Nel 1995 Patrizia Mussa esponeva alla Palazzina della Promotrice delle Belle Arti di Torino, col titolo “Tra tagli forti”, una selezione di immagini ricavate dal lavoro eseguito al mattatoio del capoluogo piemontese. Fotografie stupefacenti, che facevano dimenticare l’idea a cui ci avevano abituato la narrativa e la cinematografia ispirate ai famosi macelli di Parigi e di Detroit.
Anche Torino aveva avuto i suoi vecchi macelli le cui immagini tornavano alla mente come fantasmi di un mondo dimenticato fatto di lanci di trippe, di interni alla Rembrandt, di carretti carichi di teste di vitelli, bianche come busti marmorei neoclassici, di feritoie esalanti vapori dolciastri, di spari e di tombini sollevati con la testa da topi, grossi come lepri, alla ricerca di cibo. Era un mondo che nascondeva meno gli orrori su cui era fondato e al quale, bene o male, ci si era abituati e dal quale avevamo imparato a difenderci.

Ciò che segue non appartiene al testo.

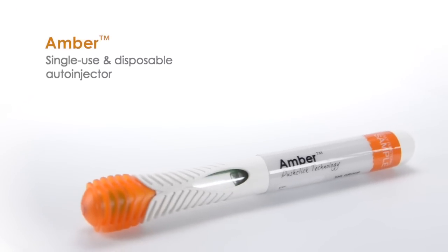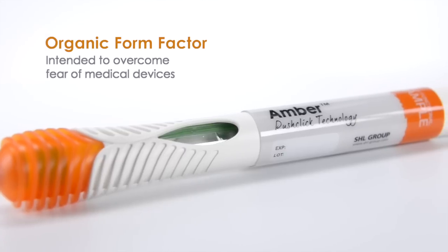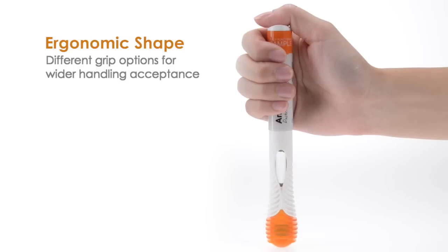Amber is a single-use disposable auto-injector. The organic form factor is intended to overcome the fear of medical devices, and the ergonomic shape provides different grip options for the user to meet a wider handling acceptance.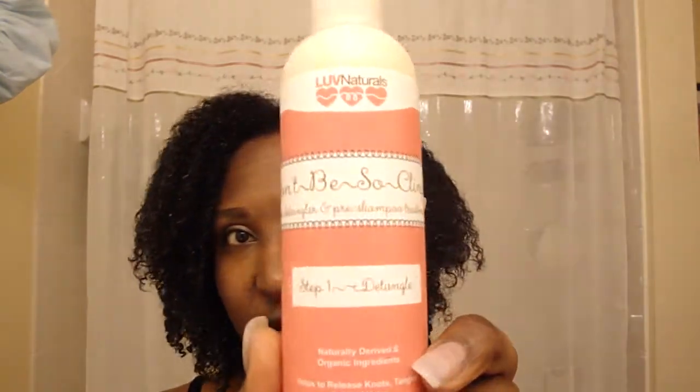So I started off needing to do my hair and I was like, you know what, I'll use my Love Naturals that I got in the mail last week. I started with step one, which is the 'Don't Be So Clingy' — it's the detangler. It's step one where you detangle your hair before you wash it, which is what I do anyway with a conditioner. You guys know I use my Trader Joe's $3.99 conditioner — I put it on my hair, saturate it, and then detangle before I wash. So it's the same concept.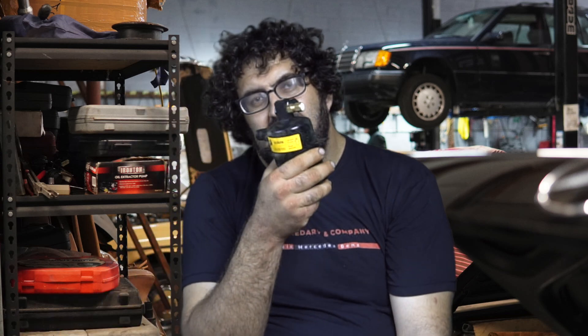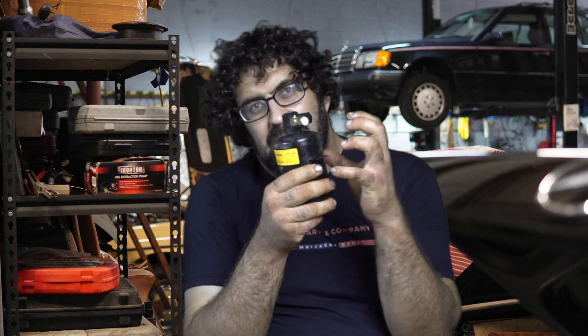I had a 300 SEL 6.3 I was working on one time that blew up an AC hose, and it was because the dryer was blocked and starting to swell — but only under working conditions, and it was a new dryer. That means when the system was under working pressure, the dryer would swell and block itself, but at atmospheric pressure it seemed to be fine. Keep that in mind — this can happen as well.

Quello in cui Patrizia Mussa ci introduceva era un mondo nuovo. Pochi si immaginavano a quell’epoca che le fabbriche della carne fossero come le fabbriche delle automobili e che i macellatori di Chicago erano stati i primi a impiegare con successo le tecniche della produzione di massa e delle linee, in questo caso di smontaggio delle bestie, modello che l’industria dell’auto copiava adattandolo alle sue necessità. Si scopriva che i macellatori di Chicago erano stati i maestri di F.W.Taylor e di Henry Ford, e che ben prima della “world car” veniva il “world beef”.
Interpretando la realtà nascosta del nuovo mondo bovinizzato e della bistecca secolarizzata e di massa, le immagini di Patrizia Mussa facevano luce sugli spazi puliti e luminosi e su particolari architettonici che sembravano esclusivi degli stabilimenti della meccanica. Identico il senso della ieraticità, della razionalità, della serialità e dell’organizzazione su basi semoventi della moderna manifattura in linea.

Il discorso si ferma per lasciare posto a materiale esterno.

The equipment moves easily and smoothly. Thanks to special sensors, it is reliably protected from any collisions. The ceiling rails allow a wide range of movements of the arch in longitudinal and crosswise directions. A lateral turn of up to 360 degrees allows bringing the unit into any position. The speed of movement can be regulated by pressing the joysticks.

Non importa che questo modello produttivo sia stato sostituito da impianti più piccoli, dalla fabbrica “corta” e integrata, computerizzata e flessibile, costruita secondo le regole del postfordismo. Importa il fatto che le immagini di Patrizia Mussa abbiano raccontato il passaggio da un mondo cruento e senza veli a uno dai toni smussati in cui la corporeità della carne è stata allontanata. In questo senso sono una meditazione sulla scomparsa della violenza del sacro e sul trionfo del profano tecnologico. Immagini profetiche, precedono lo scandalo della “mucca pazza” e rappresentano il riferimento visuale del punto di arrivo di una cultura che ha reso possibile la tragedia dell’encefalite spongiforme bovina e della variante umana Creuzfeldt Jacob, testimonianza del passaggio della zootecnia ispirata all’efficienza e al calcolo della massima produttività.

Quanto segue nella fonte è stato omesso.